As insider threats rise, the technologies to spot and defend against them increase, and it is for this reason why user behavior analytics and activity monitoring software become more popular.
I recently spoke with Mike Tierney, COO of Veriato (formerly SpectorSoft) about this, and he explained that its software is widely used for monitoring ‘high risk’ insiders and a large number of people use it for first case.
“The biggest difference now is we are not selling to home users, and the addition of behavioral analytics is because of a shift in focus to a more enterprise-centric solution,” he said. The company came from a background of monitoring technology for parents, which Tierney said “sold well, but in some areas we didn’t like”, and the mission was to help parents protect their children, but now it is driving towards activity monitoring and educating on behavioral analytics, and the stronger interest in that tends to be from larger organizations as the common security model is at a specific level, and its solution tries to make it consumable.
“We are being deliberate to avoid monitoring, and our largest customers adopt behavioral analytics and companies sell departmentally and expand with activity monitoring,” he said.
Tierney explained that it has focused on anomalies, as combined with indicators its research showed that when people engaged in insider activity, they become more invested in their own success. He said that it is often a case of spotting someone who is more “I” than “we”.
“How we are different is we take the anomaly alert and trigger it to allow the human operator to assess the situation and determine the response based on what we see. Some do just anomaly detection; we can provide both sides of the coin.”
Tierney said that when dealing with people you need a person involved, so having human operators arms you with better intelligence, and how a person and organization chooses to respond is up to them.
“The difference for us is behavioral analytics don’t have the ability to present content rich information and leaves human operators with ‘here’s an anomaly, figure it out’, while we say ‘here are the details’ and give them the information on exactly what has changed within a couple of clicks. We give a level of clarity and eliminate false positives fast. We record and capture activity as it occurs.”
In a recent survey of 400 people, only 5% admitted to taking corporate data with them for financial or personal gain but of those, 55% have used or continue to use the data in subsequent jobs. Fortunately, 92% would not take corporate data if they knew their activity was being monitored, with 79% believing their company has the right to monitor their activity.

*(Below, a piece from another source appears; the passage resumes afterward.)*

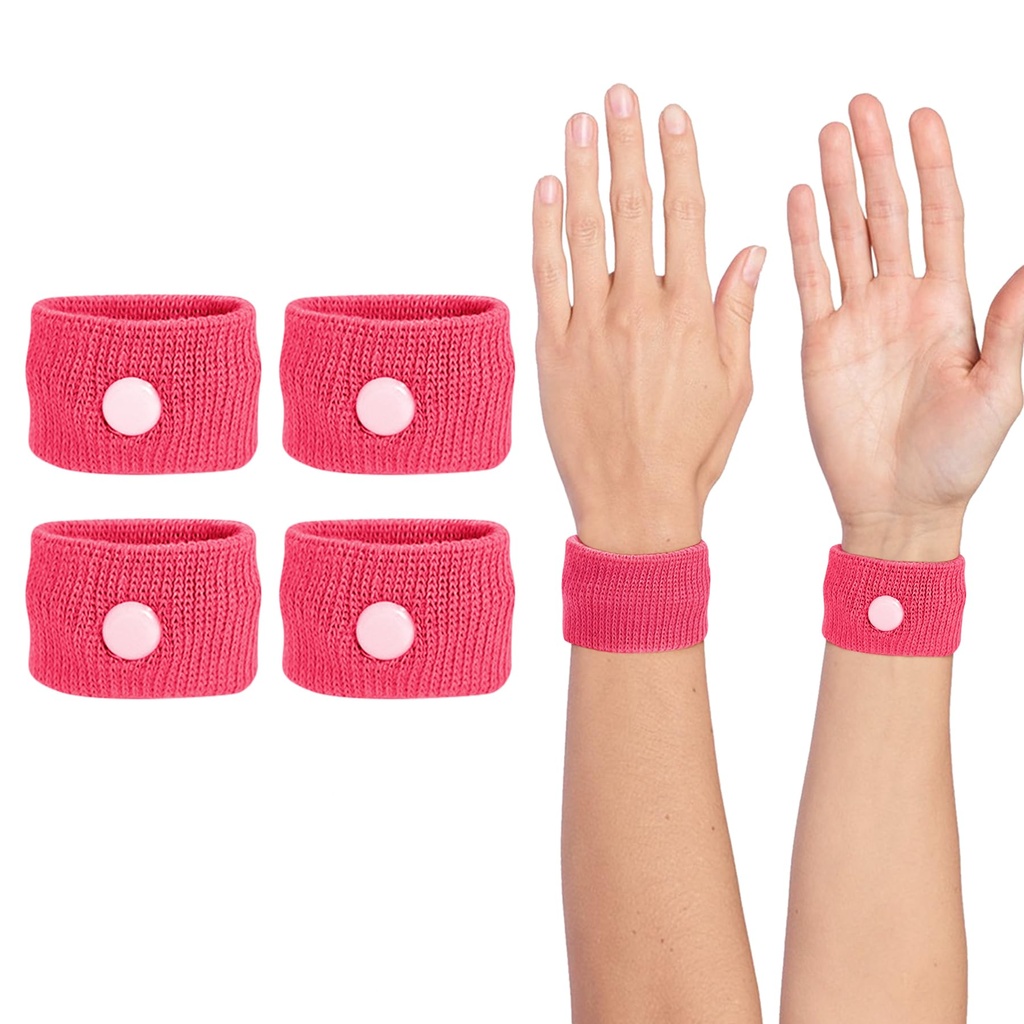 Motion Sickness Wristband, Anti-Nausea Acupressure Wrist Band for Nausea Relief, Dizziness and Vomiting from Car Sea Boat Flying Travel Sickness for Adults and Kids (Rose Red, Large, 2 Pairs)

This point, and concept of monitoring was one point I wanted to discuss. Even if you are in a workplace on a corporately owned device and managed network, does a stigma remain about watching the actions of employees? Tierney said it did, and the difference with behavioral analytics technology is that it does account for these concerns, unlike desktop management software.
“Something we found is that there are ways to do it and how to follow proper process, and if you follow the law then you are okay, so do some things to educate and within software you architect it to maximize privacy,” he said.
As an easy example, he recommended monitoring what happens on the internet, go blind on secure sites and stop recording, as the chance of business relevance is low. He added if no one looks at the activity until you see an anomaly, you can accommodate privacy needs and balance security needs with the user.
“Knowing what is going on within your perimeter is critical to keeping your valuable data out of the hands of competitors,” Tierney added. “But equally important is communicating with your employees to ensure they know what belongs to them and what consequences can result if they even think about taking it with them when they leave.”